La figure de nos clefs rappelle leur origine : on reconnaît encore les rudiments de la lettre qui, défigurée sous la main des copistes, a fini par prendre la forme que nous voyons aujourd’hui à la clef.

Ce n’est pas au hasard que les notes fa, ut et sol ont été choisies pour clefs. Ces trois notes formaient les points fondamentaux de l’ancienne échelle, comme ils sont les cordes génératrices de notre échelle diatonique (§ 120) : c’est à ces trois sons qu’on appliquait tour à tour le nom d’ut dans les transpositions de la série des syllabes ; mutations d’où résultaient les muances (voyez la note suivante).

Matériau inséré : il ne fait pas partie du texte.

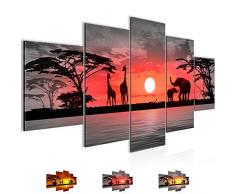 Bilder Afrika Sonnenuntergang Wandbild Vlies - Leinwand Bild XXL Format Wandbilder Wohnzimmer Wohnung Deko Kunstdrucke Rot Grau 5 Teilig - MADE IN GERMANY - Fertig zum Aufhängen 000253b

NOTE E. — Étymologie des mots bémol et bécarre.


Au moyen âge, l’échelle musicale n’était que le diagramme[1] des Grecs, augmenté de quelques sons à l’aigu et d’un son au grave (note C).

Cette échelle fut divisée, non plus en tétracordes (quatre cordes), comme celle des Grecs, mais en hexacordes (six cordes). On appliqua à chaque hexacorde, ou série de six sons, les six noms ut, , mi, fa, sol, la (note B).

Dans l’ancienne échelle, une seule note avait deux manières d’être : la note b, qui, tantôt correspondait à notre si naturel, tantôt à notre si bémol.

Or, comme nous l’avons vu (note B), les noms syllabiques donnés aux notes n’ayant été imaginés que pour faciliter le souvenir des rapports des sons dans leur intonation, les mêmes noms devaient toujours représenter les mêmes rapports d’intervalles : c’est-à-dire que toujours ut ré, ré mi, fa sol, sol la, indiquaient la distance d’un ton ; mi fa désignaient toujours un demi-ton.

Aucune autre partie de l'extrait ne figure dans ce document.